* Exercise requirements
Every record that follows should appear again in your answer, exactly the same.

* Working data
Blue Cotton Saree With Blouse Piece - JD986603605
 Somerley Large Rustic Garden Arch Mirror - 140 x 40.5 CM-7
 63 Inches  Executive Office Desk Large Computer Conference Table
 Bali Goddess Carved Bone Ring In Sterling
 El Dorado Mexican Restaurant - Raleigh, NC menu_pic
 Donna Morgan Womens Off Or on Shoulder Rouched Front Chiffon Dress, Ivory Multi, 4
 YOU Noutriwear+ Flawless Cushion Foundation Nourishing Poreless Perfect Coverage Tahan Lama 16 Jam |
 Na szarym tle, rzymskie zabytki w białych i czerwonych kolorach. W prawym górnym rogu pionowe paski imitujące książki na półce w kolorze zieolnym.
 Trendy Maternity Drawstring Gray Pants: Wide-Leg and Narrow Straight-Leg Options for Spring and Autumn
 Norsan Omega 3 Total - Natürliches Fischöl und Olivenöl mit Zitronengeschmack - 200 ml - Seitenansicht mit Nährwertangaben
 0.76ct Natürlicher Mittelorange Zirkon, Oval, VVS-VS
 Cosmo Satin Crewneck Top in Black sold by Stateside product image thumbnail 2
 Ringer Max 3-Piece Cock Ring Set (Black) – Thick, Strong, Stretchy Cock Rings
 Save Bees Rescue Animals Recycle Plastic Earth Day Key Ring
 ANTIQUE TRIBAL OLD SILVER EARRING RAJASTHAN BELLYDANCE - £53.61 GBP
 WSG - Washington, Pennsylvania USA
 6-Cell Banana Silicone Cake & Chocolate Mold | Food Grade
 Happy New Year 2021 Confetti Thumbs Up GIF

* Response to this exercise
Blue Cotton Saree With Blouse Piece - JD986603605
 Somerley Large Rustic Garden Arch Mirror - 140 x 40.5 CM-7
 63 Inches  Executive Office Desk Large Computer Conference Table
 Bali Goddess Carved Bone Ring In Sterling
 El Dorado Mexican Restaurant - Raleigh, NC menu_pic
 Donna Morgan Womens Off Or on Shoulder Rouched Front Chiffon Dress, Ivory Multi, 4
 YOU Noutriwear+ Flawless Cushion Foundation Nourishing Poreless Perfect Coverage Tahan Lama 16 Jam |
 Na szarym tle, rzymskie zabytki w białych i czerwonych kolorach. W prawym górnym rogu pionowe paski imitujące książki na półce w kolorze zieolnym.
 Trendy Maternity Drawstring Gray Pants: Wide-Leg and Narrow Straight-Leg Options for Spring and Autumn
 Norsan Omega 3 Total - Natürliches Fischöl und Olivenöl mit Zitronengeschmack - 200 ml - Seitenansicht mit Nährwertangaben
 0.76ct Natürlicher Mittelorange Zirkon, Oval, VVS-VS
 Cosmo Satin Crewneck Top in Black sold by Stateside product image thumbnail 2
 Ringer Max 3-Piece Cock Ring Set (Black) – Thick, Strong, Stretchy Cock Rings
 Save Bees Rescue Animals Recycle Plastic Earth Day Key Ring
 ANTIQUE TRIBAL OLD SILVER EARRING RAJASTHAN BELLYDANCE - £53.61 GBP
 WSG - Washington, Pennsylvania USA
 6-Cell Banana Silicone Cake & Chocolate Mold | Food Grade
 Happy New Year 2021 Confetti Thumbs Up GIF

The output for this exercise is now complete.